Salman Rushdie Attacked Onstage At NY Event

Salman Rushdie, the renowned author who was brutally attacked two days ago, is slowly recovering after suffering stab wounds in the neck and chest, his family says.

“Though his life changing injuries are severe, his usual feisty & defiant sense of humour remains intact,” the author’s son, Zafar Rushdie, wrote in a statement on Twitter on Sunday.

The novelist was taken off a ventilator and able to speak “a few words,” according to his son. However, Rushdie remains in critical condition, he added, and will stay in the hospital to receive “extensive ongoing medical treatment.”

Salman Rushdie, whose ‘The Satanic Verses’ led to death threats against him for blasphemy, was attacked while participating in an event in New York state, media reports said.

India-born Rushdie, 75, was speaking at an event of the Chautauqua Institution when a man ran onto the stage and either punched or stabbed him, the BBC reported citing eyewitnesses.

According to reports, amid gasps of horror from the audience, a few people ran onstage and managed to restrain the assailant, while others rushed to the aid of the author who had collapsed on the stage.

In a statement late Friday night, Rushdie’s agent Andrew Wylie said: “The news is not good… Salman will likely lose one eye; the nerves in his arm were severed; and his liver was stabbed and damaged,” dpa news agency reported.

The attacker stormed the stage at the event held in the Chautauqua Institution attended by hundreds of people at around 11 a.m. on Friday and stabbed the 75-year-old Indian-born novelist, according to a police spokesman.

Hadi Matar, a 24-year-old from Fairview, N.J., was charged with attempted murder and assault, New York State Police said. On Saturday, Matar pleaded not guilty, according to The Associated Press. He continues to be held without bail, police said.

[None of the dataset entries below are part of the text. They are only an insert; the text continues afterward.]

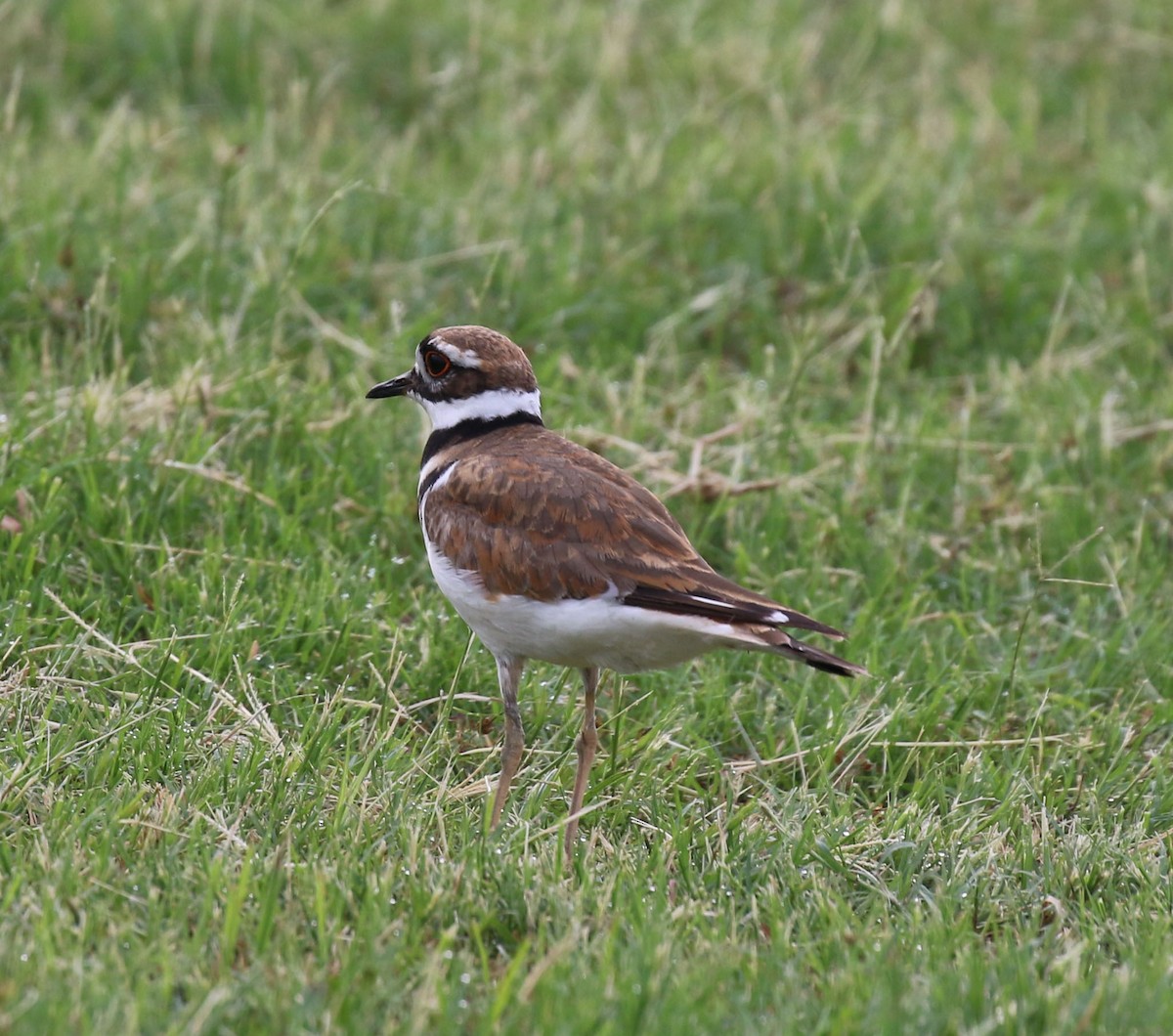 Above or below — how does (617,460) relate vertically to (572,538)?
below

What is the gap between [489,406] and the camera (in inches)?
219

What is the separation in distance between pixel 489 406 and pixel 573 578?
3.05ft

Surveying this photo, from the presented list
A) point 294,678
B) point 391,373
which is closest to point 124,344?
point 391,373

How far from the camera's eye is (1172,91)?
11.0 m

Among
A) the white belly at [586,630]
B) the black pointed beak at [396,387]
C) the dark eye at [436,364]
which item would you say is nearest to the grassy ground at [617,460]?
the white belly at [586,630]

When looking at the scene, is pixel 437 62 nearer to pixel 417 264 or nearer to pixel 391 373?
pixel 417 264

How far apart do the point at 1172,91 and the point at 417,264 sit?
5600 mm

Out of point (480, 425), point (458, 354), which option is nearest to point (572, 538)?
point (480, 425)

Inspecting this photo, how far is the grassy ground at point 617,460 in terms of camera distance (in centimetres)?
412

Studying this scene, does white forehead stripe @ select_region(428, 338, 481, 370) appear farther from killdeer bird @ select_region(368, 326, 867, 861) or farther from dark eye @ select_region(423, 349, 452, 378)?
killdeer bird @ select_region(368, 326, 867, 861)

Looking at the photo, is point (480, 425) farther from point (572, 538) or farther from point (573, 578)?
point (573, 578)

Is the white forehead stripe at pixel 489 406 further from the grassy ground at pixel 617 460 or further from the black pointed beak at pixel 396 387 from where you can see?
the grassy ground at pixel 617 460

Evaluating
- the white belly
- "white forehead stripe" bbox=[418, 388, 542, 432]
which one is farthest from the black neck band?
the white belly

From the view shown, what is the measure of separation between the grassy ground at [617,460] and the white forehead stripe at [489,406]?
0.72m
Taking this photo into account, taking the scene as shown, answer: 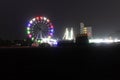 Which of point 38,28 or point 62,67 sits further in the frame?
point 38,28

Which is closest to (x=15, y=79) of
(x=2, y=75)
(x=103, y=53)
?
(x=2, y=75)

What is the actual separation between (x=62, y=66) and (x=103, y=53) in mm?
2644

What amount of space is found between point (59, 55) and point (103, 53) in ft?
5.32

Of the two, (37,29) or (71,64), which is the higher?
(37,29)

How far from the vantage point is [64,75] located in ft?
28.4

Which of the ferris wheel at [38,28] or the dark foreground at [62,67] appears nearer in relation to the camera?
the dark foreground at [62,67]

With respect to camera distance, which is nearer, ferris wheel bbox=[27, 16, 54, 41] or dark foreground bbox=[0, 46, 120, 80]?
dark foreground bbox=[0, 46, 120, 80]

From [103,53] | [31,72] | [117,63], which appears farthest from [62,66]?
[103,53]

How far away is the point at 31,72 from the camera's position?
28.8 ft

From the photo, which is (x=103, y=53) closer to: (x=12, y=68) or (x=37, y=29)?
(x=12, y=68)

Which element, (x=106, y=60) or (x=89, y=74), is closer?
(x=89, y=74)

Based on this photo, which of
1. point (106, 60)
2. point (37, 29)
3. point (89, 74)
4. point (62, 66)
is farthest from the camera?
point (37, 29)

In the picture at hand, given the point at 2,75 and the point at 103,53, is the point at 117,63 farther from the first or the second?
the point at 2,75

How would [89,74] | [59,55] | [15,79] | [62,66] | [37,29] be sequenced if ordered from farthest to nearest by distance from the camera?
1. [37,29]
2. [59,55]
3. [62,66]
4. [89,74]
5. [15,79] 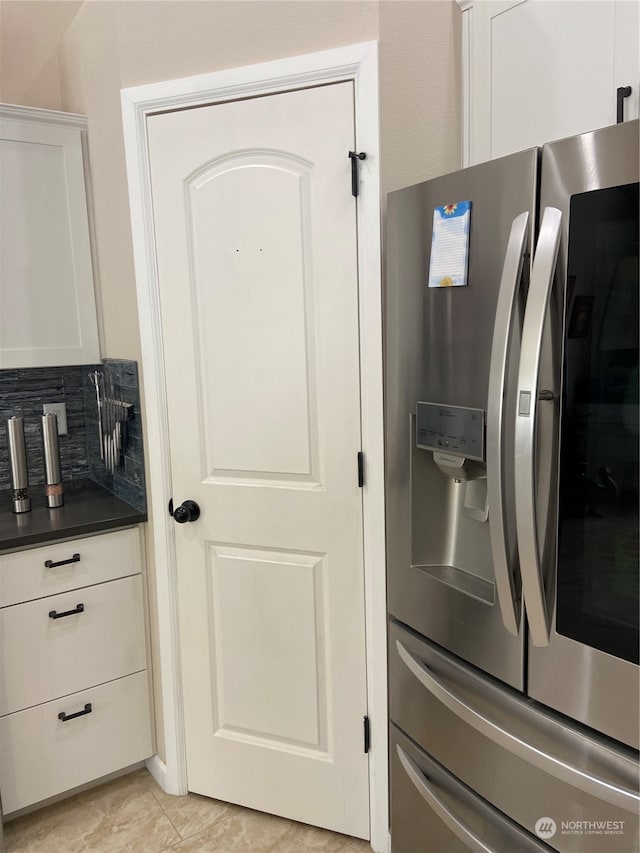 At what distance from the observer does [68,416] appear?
2.71 m

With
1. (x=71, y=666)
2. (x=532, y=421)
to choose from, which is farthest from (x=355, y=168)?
(x=71, y=666)

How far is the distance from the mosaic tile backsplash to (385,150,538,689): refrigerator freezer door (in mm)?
1108

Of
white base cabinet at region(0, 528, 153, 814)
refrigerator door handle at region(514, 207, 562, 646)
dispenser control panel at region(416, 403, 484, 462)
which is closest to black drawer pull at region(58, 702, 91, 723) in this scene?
white base cabinet at region(0, 528, 153, 814)

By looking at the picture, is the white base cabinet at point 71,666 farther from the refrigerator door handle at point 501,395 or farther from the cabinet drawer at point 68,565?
the refrigerator door handle at point 501,395

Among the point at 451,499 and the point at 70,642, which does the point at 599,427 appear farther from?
the point at 70,642

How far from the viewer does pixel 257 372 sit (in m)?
1.91

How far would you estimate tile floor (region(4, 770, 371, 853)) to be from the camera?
202 centimetres

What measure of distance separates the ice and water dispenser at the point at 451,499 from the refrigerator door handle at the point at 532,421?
5.7 inches

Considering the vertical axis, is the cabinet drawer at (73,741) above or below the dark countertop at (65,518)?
below

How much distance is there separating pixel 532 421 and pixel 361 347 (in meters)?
0.65

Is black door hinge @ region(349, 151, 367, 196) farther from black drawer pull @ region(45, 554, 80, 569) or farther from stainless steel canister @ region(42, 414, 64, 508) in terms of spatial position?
black drawer pull @ region(45, 554, 80, 569)

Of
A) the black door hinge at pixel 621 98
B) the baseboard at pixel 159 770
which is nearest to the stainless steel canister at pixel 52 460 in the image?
the baseboard at pixel 159 770

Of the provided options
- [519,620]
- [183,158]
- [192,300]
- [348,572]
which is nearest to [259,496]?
[348,572]

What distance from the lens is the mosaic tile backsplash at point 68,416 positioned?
2.54m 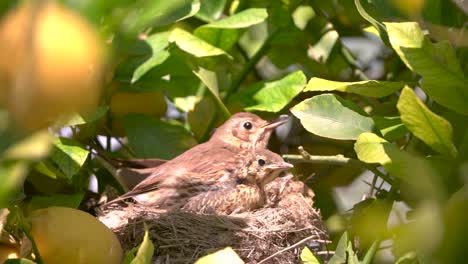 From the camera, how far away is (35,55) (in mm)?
643

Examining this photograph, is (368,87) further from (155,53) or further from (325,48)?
(325,48)

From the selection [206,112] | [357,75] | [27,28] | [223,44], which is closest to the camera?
[27,28]

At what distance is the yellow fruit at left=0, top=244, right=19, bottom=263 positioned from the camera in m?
1.81

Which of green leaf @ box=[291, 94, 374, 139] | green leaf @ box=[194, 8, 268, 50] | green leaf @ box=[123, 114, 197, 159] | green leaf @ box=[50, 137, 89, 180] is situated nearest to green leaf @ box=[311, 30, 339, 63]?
green leaf @ box=[194, 8, 268, 50]

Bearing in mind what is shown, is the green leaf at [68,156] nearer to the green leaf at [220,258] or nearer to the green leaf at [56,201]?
the green leaf at [56,201]

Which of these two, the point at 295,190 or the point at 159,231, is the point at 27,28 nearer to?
the point at 159,231

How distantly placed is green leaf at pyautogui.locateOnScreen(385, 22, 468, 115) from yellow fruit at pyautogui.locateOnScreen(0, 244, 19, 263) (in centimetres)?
91

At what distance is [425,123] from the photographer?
1564 mm

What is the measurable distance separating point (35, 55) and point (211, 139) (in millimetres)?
2768

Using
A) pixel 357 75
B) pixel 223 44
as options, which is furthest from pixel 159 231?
pixel 357 75

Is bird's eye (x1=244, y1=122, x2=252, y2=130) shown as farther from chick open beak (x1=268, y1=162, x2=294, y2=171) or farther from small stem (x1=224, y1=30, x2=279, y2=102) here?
small stem (x1=224, y1=30, x2=279, y2=102)

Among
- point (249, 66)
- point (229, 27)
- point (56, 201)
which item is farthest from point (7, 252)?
point (249, 66)

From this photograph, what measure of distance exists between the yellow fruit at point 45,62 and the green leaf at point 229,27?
183 cm

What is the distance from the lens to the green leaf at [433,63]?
168 centimetres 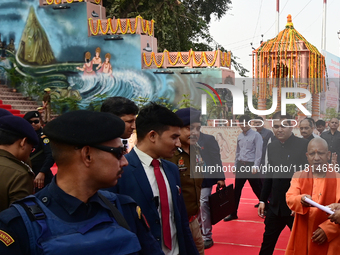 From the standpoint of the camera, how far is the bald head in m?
3.40

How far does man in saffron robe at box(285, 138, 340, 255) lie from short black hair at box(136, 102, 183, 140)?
1271mm

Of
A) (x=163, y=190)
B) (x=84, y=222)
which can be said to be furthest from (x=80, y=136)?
(x=163, y=190)

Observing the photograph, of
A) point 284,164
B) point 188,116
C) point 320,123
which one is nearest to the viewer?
point 188,116

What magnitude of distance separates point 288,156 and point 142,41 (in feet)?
45.9

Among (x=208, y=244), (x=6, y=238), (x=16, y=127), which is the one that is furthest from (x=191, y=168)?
(x=6, y=238)

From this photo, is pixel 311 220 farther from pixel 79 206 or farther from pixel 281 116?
pixel 79 206

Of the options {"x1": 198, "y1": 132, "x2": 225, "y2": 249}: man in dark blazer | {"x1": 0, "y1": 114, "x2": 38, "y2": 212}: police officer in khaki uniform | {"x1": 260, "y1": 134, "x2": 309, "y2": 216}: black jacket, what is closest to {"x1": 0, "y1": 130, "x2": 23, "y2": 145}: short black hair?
{"x1": 0, "y1": 114, "x2": 38, "y2": 212}: police officer in khaki uniform

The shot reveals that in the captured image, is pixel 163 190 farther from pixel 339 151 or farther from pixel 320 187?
pixel 339 151

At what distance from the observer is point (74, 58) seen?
1822 cm

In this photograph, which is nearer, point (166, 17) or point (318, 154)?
point (318, 154)

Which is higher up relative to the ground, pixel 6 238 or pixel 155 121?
pixel 155 121

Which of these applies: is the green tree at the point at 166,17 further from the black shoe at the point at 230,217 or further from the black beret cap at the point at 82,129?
the black beret cap at the point at 82,129

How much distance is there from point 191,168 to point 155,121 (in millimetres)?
1027

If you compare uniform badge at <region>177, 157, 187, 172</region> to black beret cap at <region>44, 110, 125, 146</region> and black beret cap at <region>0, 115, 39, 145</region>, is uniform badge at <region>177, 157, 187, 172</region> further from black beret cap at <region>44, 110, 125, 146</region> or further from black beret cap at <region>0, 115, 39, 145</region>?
black beret cap at <region>44, 110, 125, 146</region> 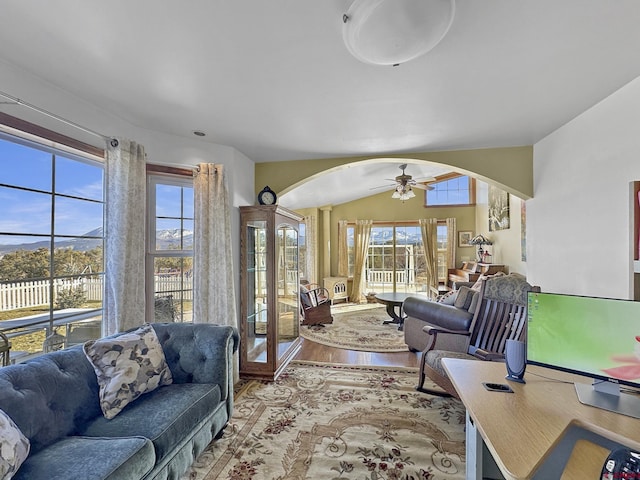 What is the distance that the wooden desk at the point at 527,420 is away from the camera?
0.92 metres

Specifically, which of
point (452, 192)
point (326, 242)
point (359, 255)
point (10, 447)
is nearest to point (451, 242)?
point (452, 192)

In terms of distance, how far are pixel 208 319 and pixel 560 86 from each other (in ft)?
10.6

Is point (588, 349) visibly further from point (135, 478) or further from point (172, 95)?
point (172, 95)

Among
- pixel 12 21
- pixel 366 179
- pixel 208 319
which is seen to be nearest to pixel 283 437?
pixel 208 319

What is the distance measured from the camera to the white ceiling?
1.23 metres

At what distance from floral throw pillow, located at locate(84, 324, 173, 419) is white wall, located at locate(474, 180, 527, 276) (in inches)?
209

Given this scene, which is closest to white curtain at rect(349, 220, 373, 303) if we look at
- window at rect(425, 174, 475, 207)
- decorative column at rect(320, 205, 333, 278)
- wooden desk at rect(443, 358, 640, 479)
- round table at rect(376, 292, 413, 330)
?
decorative column at rect(320, 205, 333, 278)

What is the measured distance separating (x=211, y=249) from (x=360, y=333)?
2904mm

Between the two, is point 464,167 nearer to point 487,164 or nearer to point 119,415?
point 487,164

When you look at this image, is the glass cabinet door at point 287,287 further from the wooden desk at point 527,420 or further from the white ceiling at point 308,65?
the wooden desk at point 527,420

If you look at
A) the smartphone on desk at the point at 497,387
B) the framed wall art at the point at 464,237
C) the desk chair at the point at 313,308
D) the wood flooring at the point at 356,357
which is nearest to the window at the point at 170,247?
the wood flooring at the point at 356,357

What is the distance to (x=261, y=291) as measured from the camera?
3.22 meters

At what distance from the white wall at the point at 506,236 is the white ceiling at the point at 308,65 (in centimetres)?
320

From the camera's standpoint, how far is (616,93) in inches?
76.0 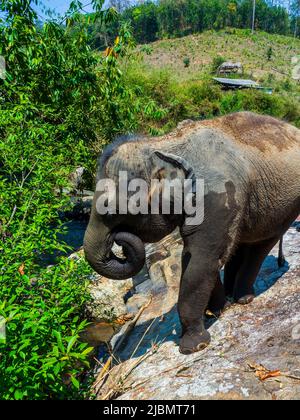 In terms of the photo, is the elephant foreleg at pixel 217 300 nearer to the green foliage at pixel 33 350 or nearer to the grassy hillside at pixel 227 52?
the green foliage at pixel 33 350

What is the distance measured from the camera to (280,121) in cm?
503

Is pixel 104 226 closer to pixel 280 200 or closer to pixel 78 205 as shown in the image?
pixel 280 200

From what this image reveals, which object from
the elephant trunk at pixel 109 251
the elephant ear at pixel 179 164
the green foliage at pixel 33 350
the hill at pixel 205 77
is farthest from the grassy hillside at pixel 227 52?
the green foliage at pixel 33 350

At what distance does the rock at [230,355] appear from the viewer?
376cm

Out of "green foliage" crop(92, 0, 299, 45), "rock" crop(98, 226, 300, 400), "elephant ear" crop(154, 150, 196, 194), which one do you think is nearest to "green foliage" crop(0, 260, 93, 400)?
"rock" crop(98, 226, 300, 400)

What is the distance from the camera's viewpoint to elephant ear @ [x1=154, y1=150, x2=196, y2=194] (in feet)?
13.3

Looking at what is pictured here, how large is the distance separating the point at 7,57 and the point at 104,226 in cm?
536

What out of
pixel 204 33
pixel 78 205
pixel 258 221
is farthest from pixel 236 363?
pixel 204 33

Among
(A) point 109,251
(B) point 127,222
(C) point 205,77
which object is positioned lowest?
(A) point 109,251

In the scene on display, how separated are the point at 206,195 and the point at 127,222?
788 millimetres

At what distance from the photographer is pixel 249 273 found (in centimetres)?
529

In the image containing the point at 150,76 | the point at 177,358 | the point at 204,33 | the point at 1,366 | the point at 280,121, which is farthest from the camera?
the point at 204,33

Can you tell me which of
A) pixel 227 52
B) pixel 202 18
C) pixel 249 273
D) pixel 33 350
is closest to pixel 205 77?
pixel 249 273

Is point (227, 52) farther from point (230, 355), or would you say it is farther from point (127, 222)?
point (230, 355) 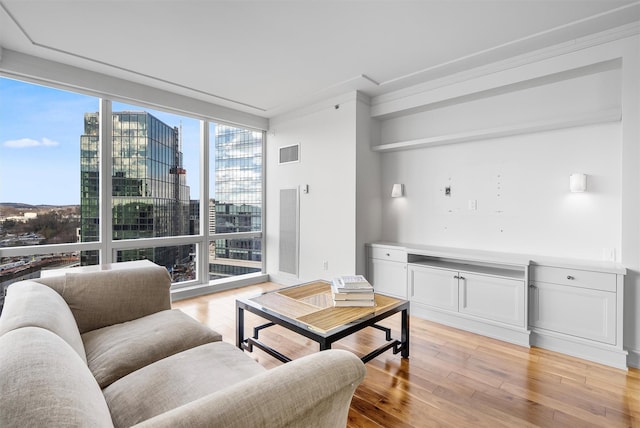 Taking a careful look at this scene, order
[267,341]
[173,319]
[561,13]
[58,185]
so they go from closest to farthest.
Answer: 1. [173,319]
2. [561,13]
3. [267,341]
4. [58,185]

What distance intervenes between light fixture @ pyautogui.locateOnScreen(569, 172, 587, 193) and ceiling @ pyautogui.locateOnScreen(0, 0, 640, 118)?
118 centimetres

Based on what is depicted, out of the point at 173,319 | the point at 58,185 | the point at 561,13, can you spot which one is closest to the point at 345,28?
the point at 561,13

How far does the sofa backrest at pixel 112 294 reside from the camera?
6.46 feet

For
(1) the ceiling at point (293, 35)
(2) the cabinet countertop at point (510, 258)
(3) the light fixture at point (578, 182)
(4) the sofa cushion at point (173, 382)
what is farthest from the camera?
(3) the light fixture at point (578, 182)

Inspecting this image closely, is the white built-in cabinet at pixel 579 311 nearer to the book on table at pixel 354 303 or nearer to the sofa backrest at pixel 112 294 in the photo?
the book on table at pixel 354 303

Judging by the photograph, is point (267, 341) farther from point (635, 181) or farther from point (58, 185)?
point (635, 181)

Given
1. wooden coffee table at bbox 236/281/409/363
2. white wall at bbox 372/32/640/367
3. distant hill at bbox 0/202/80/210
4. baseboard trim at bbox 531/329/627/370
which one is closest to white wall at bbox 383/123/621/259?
white wall at bbox 372/32/640/367

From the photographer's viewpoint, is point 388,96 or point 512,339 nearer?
point 512,339

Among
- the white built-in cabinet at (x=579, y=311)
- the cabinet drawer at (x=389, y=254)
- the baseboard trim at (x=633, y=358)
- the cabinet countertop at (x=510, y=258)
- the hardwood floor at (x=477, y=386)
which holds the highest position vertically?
the cabinet countertop at (x=510, y=258)

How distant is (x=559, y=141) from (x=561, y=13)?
3.73 feet

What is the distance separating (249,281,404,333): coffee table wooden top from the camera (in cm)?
213

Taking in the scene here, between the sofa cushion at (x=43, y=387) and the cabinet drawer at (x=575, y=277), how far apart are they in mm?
3214

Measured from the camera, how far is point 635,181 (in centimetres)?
253

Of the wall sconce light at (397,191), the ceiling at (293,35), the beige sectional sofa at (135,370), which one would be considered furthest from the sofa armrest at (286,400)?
the wall sconce light at (397,191) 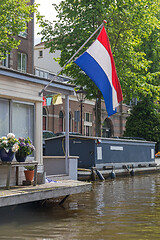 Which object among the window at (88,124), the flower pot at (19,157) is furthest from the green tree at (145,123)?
the flower pot at (19,157)

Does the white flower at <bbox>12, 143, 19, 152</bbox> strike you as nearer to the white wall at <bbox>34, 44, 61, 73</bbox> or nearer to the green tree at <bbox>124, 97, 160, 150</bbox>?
the green tree at <bbox>124, 97, 160, 150</bbox>

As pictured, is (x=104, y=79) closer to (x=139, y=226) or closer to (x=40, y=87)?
(x=40, y=87)

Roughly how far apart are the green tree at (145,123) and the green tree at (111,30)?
1357 cm


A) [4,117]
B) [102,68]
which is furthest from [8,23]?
[4,117]

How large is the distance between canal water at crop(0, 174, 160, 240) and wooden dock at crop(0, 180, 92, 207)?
53 cm

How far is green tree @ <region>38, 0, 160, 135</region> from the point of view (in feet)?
75.5

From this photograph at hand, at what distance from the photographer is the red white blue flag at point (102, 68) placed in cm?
1138

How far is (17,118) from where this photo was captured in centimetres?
1113

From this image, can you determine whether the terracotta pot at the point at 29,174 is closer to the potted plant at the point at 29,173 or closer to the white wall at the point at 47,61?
the potted plant at the point at 29,173

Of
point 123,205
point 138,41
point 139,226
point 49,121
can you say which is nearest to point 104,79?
point 123,205

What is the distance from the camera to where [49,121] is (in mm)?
37406

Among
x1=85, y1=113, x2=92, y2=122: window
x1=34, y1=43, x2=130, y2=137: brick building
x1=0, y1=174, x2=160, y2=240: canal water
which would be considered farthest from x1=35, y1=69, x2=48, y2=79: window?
x1=0, y1=174, x2=160, y2=240: canal water

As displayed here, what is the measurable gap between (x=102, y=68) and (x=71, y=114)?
2870cm

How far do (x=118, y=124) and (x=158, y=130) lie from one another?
12.6 m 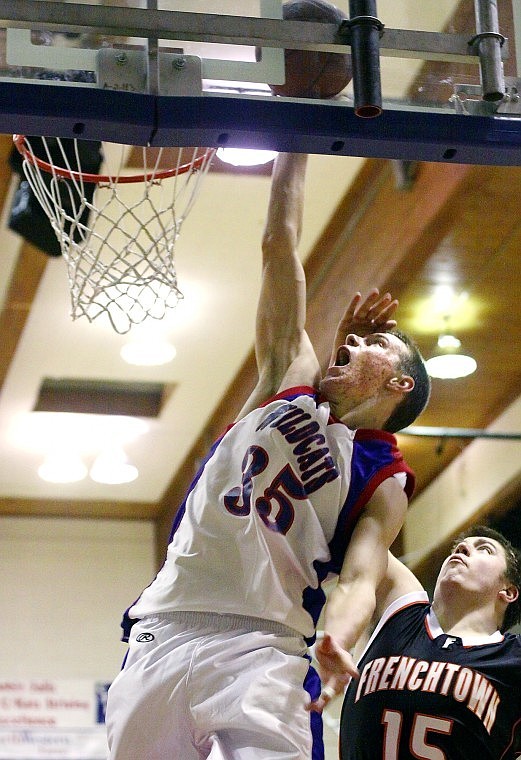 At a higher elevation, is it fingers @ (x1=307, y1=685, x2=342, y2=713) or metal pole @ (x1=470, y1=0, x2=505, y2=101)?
metal pole @ (x1=470, y1=0, x2=505, y2=101)

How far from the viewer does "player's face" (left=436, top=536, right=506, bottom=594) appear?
164 inches

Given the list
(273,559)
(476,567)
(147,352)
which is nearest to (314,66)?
(273,559)

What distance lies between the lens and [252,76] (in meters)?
3.04

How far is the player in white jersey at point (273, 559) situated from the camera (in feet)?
10.7

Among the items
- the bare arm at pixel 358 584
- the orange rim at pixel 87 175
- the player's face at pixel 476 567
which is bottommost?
the bare arm at pixel 358 584

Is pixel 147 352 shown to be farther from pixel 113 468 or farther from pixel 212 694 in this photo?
pixel 212 694

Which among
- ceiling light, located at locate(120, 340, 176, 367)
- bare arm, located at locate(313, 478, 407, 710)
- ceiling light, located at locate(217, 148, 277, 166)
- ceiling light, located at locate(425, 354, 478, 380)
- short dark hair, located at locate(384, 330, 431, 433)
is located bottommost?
bare arm, located at locate(313, 478, 407, 710)

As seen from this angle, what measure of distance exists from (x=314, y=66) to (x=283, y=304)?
1.01 m

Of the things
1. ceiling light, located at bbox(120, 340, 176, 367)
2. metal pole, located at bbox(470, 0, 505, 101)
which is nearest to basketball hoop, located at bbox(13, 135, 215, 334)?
metal pole, located at bbox(470, 0, 505, 101)

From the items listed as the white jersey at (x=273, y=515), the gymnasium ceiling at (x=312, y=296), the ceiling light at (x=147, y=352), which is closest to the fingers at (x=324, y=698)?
the white jersey at (x=273, y=515)

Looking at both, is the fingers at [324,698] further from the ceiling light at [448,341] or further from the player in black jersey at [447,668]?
the ceiling light at [448,341]

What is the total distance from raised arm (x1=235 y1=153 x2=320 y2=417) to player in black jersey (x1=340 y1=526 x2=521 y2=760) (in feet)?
2.47

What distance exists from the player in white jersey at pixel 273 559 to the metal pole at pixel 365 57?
939 millimetres

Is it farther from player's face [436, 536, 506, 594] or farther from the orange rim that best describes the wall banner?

Rushdie was treated by a doctor who was in the audience until rescue workers arrived and took the author to hospital by helicopter. He was stabbed at least once in the neck and in the abdomen, authorities said

The attacker is thought to have acted alone, the spokesman added. Iran denied any involvement Monday in last week’s attack that left author Salman Rushdie with severe injuries after he was stabbed in the neck and abdomen onstage at an event in western New York.

In its first public reaction to the stabbing, Iran said Rushdie and his supporters were to blame for the attack, more than three decades after Tehran issued a directive for Muslims to kill Rushdie because of his book “The Satanic Verses,” published in 1988.

Rushdie was giving a lecture at a cultural centre as part of a series titled “More than Shelter” which intended to discuss the US as a safe haven for exiled writers and persecuted artists.

Because of his 1988 work “The Satanic Verses”, a fatwa was issued against Rushdie by then-Iranian revolutionary leader Ayatollah Khomeini calling for the author’s death.

Some Muslims felt their religious sensibilities were offended by the work. Whether Friday’s attack was at all related to the decades-old fatwa was unclear.

Rushdie’s publisher last year said the fatwa has long since stopped affecting the author’s life, and that he is no longer restricted in where he goes and no longer needs bodyguards. The writer told German magazine Stern days earlier that he felt safe in the US, and that the threat was from a long time ago.

Writers including JK Rowling and Stephen King expressed their horror at the attack. US writers’ organization PEN America said it was “reeling from shock and horror at word of a brutal, premeditated attack” on Rushdie.

“Salman Rushdie has been targeted for his words for decades but has never flinched nor faltered,” PEN America chief executive Suzanne Nossel said in a statement.

Rushdie was born in Mumbai in 1947, the year of Indian independence. He later studied history at Cambridge University in Britain. He had his breakthrough as an author with the book “Midnight’s Children”, which was awarded the prestigious Booker Prize in 1981.

In it, he tells the story of India’s detachment from the British Empire based on the life stories of protagonists who are born at the precise moment of independence and are endowed with supernatural abilities.

Rushdie has published more than two dozen fiction, non-fiction, and other writings overall. His style is referred to as Magic Realism, in which realistic events are interwoven with fantastic elements.